-- GOAL OF THE EXERCISE --
Would you repeat exactly the part of the listing below that runs from the line containing "Púas de guitarra" down to the line containing "shearling-lined lace-up boots - 3", inclusive, and nothing else?

-- GIVEN RECORDS --
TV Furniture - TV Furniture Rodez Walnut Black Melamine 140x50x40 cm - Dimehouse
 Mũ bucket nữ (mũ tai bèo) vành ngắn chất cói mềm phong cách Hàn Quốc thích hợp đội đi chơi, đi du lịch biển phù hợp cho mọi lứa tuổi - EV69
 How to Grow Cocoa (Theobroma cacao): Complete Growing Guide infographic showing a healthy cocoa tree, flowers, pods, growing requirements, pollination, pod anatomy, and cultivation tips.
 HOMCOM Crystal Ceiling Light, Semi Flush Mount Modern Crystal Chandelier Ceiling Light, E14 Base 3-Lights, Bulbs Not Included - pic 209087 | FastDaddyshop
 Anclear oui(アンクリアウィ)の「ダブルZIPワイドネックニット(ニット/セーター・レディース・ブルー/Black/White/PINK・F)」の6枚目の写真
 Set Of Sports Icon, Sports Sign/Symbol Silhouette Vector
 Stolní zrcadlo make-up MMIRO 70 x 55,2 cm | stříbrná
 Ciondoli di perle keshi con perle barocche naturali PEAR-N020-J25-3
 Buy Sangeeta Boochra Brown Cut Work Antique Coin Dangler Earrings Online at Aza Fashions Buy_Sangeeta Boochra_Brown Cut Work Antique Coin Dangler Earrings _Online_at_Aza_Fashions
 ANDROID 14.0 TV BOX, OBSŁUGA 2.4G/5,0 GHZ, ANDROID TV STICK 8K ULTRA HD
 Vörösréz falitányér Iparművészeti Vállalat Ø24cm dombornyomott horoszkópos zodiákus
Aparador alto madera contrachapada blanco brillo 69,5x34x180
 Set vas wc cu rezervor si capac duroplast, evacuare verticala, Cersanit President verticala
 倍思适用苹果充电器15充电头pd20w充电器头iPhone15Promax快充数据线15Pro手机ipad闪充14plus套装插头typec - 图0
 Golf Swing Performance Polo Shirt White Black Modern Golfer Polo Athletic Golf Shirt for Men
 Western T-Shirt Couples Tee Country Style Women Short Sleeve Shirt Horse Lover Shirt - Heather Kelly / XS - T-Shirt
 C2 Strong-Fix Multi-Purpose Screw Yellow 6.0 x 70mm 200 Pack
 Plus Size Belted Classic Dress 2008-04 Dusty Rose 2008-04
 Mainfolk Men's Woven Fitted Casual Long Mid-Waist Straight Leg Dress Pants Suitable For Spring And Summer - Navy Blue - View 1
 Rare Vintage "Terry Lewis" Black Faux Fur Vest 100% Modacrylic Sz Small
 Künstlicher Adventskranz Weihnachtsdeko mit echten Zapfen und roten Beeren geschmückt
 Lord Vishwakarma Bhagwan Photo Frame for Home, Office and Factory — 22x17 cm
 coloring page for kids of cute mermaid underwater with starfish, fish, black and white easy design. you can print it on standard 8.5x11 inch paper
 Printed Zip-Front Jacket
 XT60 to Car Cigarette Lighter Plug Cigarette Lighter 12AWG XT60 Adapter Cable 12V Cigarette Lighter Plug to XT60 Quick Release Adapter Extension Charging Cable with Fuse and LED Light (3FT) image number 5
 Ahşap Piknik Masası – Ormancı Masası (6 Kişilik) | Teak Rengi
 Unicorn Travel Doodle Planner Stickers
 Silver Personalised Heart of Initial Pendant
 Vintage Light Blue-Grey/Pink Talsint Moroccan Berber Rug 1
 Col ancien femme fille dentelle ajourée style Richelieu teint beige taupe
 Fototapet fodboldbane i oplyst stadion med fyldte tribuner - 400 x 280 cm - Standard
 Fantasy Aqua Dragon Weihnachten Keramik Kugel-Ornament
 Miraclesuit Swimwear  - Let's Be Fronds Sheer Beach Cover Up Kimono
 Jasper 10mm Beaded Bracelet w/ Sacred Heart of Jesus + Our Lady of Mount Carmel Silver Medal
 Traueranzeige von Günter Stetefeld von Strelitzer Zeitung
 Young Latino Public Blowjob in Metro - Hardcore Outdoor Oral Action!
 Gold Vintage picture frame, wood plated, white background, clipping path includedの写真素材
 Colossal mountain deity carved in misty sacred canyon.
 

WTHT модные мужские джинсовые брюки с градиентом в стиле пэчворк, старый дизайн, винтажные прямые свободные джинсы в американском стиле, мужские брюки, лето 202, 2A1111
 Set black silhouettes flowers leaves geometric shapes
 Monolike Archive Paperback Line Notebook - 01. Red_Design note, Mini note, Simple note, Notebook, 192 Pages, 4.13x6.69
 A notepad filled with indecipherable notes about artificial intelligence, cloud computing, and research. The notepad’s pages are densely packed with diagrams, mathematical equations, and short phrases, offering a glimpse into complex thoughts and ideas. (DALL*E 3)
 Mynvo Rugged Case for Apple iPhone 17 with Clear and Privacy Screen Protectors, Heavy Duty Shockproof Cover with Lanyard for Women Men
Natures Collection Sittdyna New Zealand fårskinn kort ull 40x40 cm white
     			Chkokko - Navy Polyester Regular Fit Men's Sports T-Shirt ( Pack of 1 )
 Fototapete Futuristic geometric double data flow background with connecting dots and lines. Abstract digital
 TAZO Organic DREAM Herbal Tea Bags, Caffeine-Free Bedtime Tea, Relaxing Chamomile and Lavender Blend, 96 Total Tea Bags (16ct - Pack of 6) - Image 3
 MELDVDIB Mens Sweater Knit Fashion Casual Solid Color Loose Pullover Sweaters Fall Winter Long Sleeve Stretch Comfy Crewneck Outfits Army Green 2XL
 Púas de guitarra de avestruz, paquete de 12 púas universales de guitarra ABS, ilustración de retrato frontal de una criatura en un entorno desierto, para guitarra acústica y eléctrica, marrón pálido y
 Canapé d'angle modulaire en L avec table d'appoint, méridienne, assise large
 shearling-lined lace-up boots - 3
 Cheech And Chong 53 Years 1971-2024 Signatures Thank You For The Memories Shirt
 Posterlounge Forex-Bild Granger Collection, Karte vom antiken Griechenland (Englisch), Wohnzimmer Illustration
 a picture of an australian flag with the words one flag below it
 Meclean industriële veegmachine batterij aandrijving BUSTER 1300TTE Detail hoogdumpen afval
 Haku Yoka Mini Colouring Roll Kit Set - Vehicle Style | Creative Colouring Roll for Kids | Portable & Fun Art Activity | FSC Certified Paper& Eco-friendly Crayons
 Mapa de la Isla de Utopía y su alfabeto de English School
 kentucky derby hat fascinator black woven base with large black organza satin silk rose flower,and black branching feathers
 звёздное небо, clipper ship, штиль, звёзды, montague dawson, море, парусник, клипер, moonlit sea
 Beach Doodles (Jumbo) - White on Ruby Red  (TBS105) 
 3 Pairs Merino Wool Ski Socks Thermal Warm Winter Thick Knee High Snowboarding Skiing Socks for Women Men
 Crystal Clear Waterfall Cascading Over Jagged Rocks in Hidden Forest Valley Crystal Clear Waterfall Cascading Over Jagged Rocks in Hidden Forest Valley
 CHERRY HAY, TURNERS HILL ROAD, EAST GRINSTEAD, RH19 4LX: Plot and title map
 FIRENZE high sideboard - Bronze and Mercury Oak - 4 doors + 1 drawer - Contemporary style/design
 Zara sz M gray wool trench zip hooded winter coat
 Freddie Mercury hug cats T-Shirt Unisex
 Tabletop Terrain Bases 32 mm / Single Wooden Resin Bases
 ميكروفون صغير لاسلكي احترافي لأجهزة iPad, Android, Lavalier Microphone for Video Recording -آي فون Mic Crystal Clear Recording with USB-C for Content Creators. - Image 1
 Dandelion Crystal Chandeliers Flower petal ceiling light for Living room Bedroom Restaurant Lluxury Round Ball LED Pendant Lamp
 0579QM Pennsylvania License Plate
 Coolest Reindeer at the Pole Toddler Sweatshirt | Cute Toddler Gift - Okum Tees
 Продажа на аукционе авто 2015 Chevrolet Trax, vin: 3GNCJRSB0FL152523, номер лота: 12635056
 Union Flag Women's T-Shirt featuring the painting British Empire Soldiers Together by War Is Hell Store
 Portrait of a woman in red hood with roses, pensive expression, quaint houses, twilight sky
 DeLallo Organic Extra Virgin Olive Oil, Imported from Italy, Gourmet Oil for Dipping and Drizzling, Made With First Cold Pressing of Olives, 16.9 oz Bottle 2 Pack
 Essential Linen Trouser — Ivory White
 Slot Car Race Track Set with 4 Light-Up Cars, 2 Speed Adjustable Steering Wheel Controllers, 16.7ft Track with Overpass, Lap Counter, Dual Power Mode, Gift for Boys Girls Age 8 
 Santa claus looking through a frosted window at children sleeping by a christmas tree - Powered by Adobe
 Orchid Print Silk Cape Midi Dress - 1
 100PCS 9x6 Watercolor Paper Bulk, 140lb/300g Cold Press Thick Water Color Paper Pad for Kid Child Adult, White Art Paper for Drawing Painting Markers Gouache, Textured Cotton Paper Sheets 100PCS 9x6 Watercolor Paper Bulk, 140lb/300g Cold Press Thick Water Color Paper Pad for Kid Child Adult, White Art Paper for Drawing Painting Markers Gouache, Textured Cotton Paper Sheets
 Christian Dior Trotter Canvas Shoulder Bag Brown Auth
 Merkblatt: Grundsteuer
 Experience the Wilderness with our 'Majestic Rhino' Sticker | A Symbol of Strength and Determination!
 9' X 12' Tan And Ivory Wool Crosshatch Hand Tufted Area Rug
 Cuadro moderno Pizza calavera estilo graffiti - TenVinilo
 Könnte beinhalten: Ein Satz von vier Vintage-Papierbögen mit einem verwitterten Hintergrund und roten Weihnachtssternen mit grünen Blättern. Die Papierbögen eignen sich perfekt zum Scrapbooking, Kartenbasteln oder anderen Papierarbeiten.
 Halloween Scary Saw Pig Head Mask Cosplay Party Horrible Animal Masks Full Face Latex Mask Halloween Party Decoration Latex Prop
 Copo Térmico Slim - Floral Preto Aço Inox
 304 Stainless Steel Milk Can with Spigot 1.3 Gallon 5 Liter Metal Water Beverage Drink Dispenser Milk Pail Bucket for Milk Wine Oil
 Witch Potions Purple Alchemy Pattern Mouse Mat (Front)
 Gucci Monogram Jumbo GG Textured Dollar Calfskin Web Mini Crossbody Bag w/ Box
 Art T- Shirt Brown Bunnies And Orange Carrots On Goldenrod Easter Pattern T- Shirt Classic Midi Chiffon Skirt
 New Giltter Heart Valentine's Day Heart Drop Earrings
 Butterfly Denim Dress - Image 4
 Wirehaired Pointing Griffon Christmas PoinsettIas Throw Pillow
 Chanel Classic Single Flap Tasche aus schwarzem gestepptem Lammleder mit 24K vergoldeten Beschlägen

-- EXERCISE RESPONSE --
 Púas de guitarra de avestruz, paquete de 12 púas universales de guitarra ABS, ilustración de retrato frontal de una criatura en un entorno desierto, para guitarra acústica y eléctrica, marrón pálido y
 Canapé d'angle modulaire en L avec table d'appoint, méridienne, assise large
 shearling-lined lace-up boots - 3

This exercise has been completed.